Direto de Brasília Abnor Gondim Correspondente em Brasília
12/07/2017 - 09h26 | Atualizado em 12/07/2017 - 09h38

Maia já age passando por cima de Temer, diz Paim

Senador do PT reclamou que os governistas se deixaram levar por promessas de ajustes na reforma trabalhista via medida provisória feitas por um governo em queda

Maia: rejeição à promessa de Temer
Maia: rejeição à promessa de Temer
Foto: Reuters

O presidente da Câmara, Rodrigo Maia (DEM-RJ), mudou o tom de conciliador que o fez ascender ao posto no lugar do ex-deputado Eduardo Cunha, preso e condenado no rastro da Operação Lava Jato. E já assume ares de quem pretende assumir a Presidência da República nos próximos dias, passando por cima do presidente Michel Temer.

Essa avaliação foi feita na manhã desta quarta-feira (12) pelo senador Paulo Paim (PT-RS), ao comentar a afirmação feita por Maia em sua conta no Twitter, ao afirmar que a Câmara não vai votar nenhuma Medida Provisória (MP) que modifique o texto da reforma trabalhista aprovada na Câmara e aprovada ontem no Senado, sem alterações.

"A Câmara não aceitará nenhuma mudança na lei. Qualquer MP não será reconhecida pela Casa", afirmou Maia no Twitter.

O texto foi aprovado nesta terça-feira, 11, no Senado por 50 votos a 26 e segue agora para a sanção presidencial. Para conseguir o apoio da maioria dos senadores, o presidente Michel Temer prometeu a edição de uma MP para modificar alguns pontos da reforma, como a questão que restringir a jornada parcial de trabalho, o chamado trabalho intermitente.

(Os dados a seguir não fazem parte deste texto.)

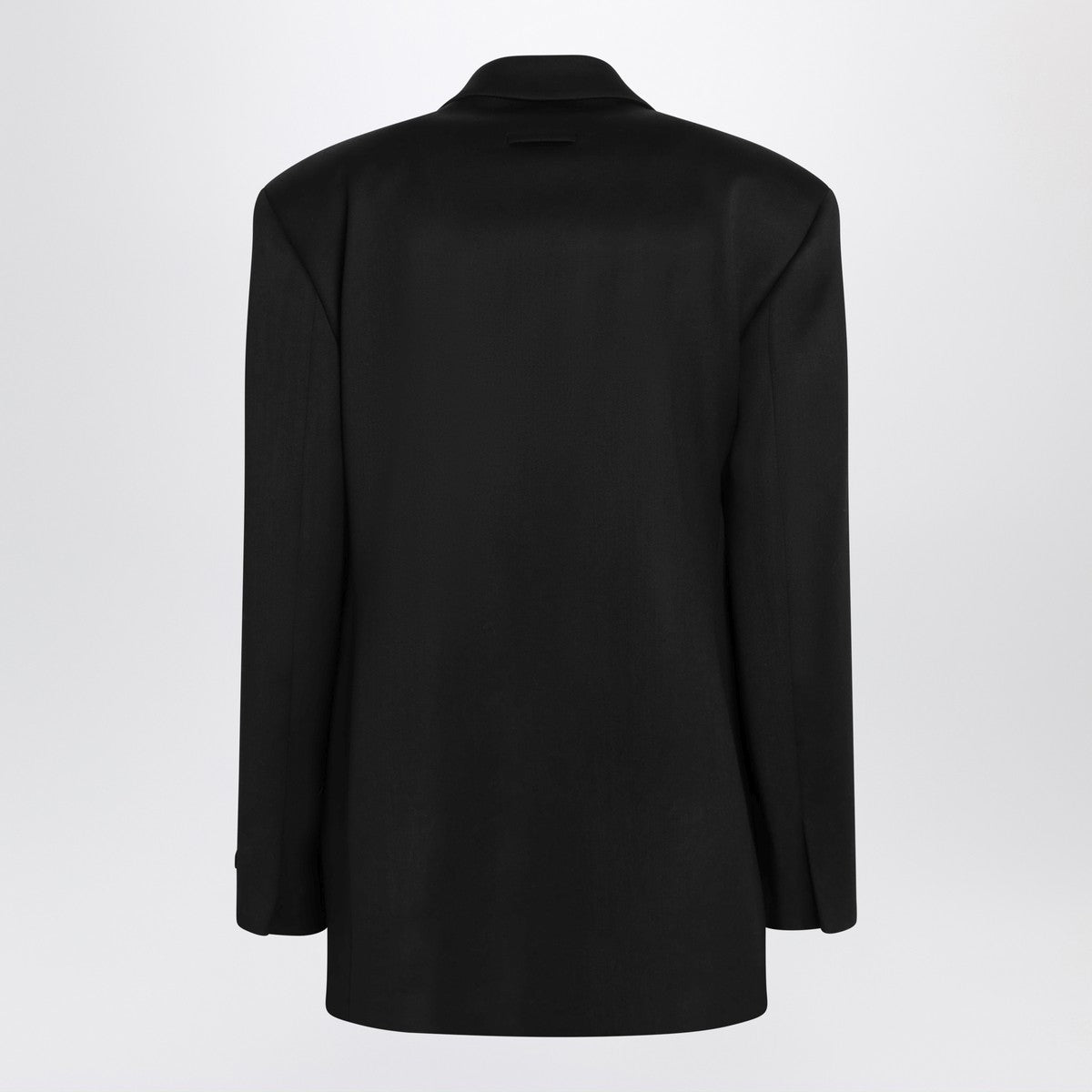 Fear of God Black double-breasted jacket in virgin wool
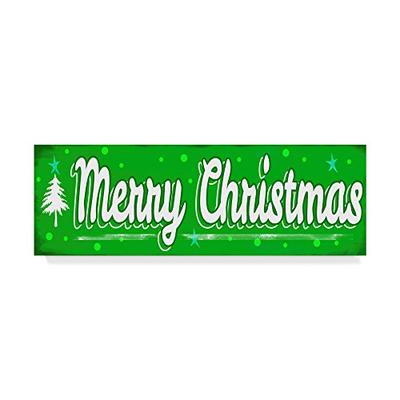 Merry Christmas Sign by Valarie Wade, 6x19-Inch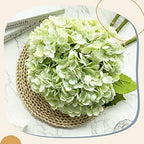 Yatim 21In Light Green Artificial Hydrangea Flowers with Stems 5 Pcs - Image 5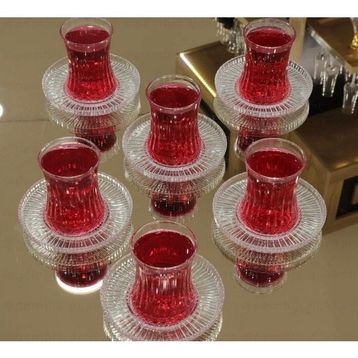 Paşabahçe Elysia Şeffaf 12 Parça Çay Bardak Seti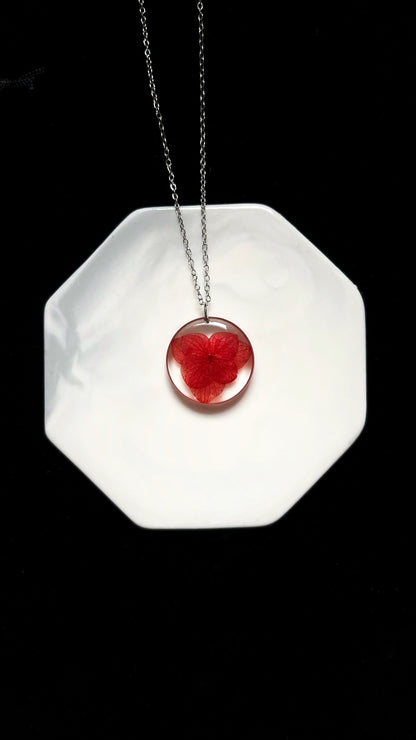 Hydrangea pendant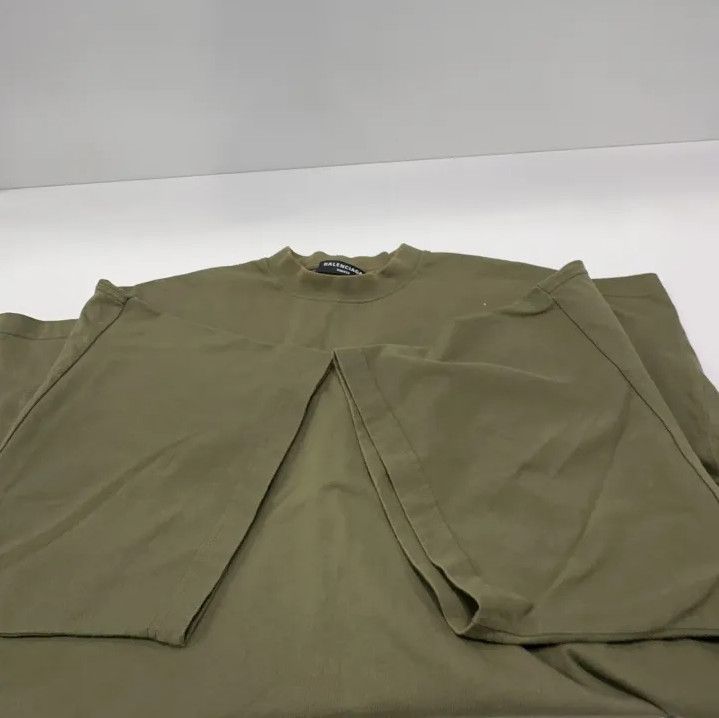 Balenciaga Balenciaga Military Green Logo Print T-Shirt Size US M / EU 48-50 / 2 - 11 Thumbnail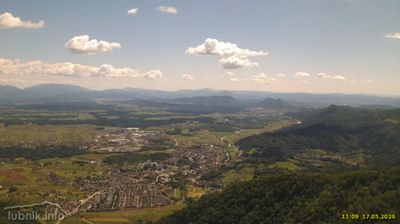 Zadnja slika ob 12h: Lubnik (1025), pogled na Škofjo Loko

 "A mim não surpreendeu", disse Paim há pouco, em entrevista à Rádio Senado, referindo-se à promessa feita pelo presidente Michel Temer de editar uma Medida Provisória (MP) para fazer ajustes solicitados pelos senadores para aprovar, sem alterações, o texto sobre a reforma trabalhista aprovado no Senado.

"No discurso que fiz durante a votação da matéria, eu dizia: 'O Senado é a Casa do equilíbrio, o Senado não pode deixar de ser sujeito de sua própria história. O Senado teve posição desde a aprovação da Lei Áurea, com relação ao parlamentarismo, se não o golpe de 1964 teria sido dado em 1961", detalhou.

Paim reclamou da posição dos governistas de terem aprovado a matéria, sem alterações, confiando nas promessas de um governo que está ameaçado de cair, se for aprovada a denúncia por corrupção passiva apresentada contra Temer pela Procuradoria-Geral da República.

"Sabendo que o presidente atual já está caindo e o outro já está querendo passar por cima dele para sentar rapidamente na cadeira, era o momento de o Senado parar e analisar e ver o que vamos fazer em nome do País, de um projeto de nação e não dando aval a um presidente que vai cair, no máximo em 15 dias.